■ TASK DESCRIPTION ■
The output must be the data, printed exactly as written.
[RECORDS SUPPLIED — start]
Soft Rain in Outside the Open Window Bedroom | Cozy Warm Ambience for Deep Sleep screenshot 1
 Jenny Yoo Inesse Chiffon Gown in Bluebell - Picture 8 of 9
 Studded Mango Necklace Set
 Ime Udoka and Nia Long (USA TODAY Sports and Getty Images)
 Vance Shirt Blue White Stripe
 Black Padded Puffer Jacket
[RECORDS SUPPLIED — finish]
■ ANSWER SECTION ■
Soft Rain in Outside the Open Window Bedroom | Cozy Warm Ambience for Deep Sleep screenshot 1
 Jenny Yoo Inesse Chiffon Gown in Bluebell - Picture 8 of 9
 Studded Mango Necklace Set
 Ime Udoka and Nia Long (USA TODAY Sports and Getty Images)
 Vance Shirt Blue White Stripe
 Black Padded Puffer Jacket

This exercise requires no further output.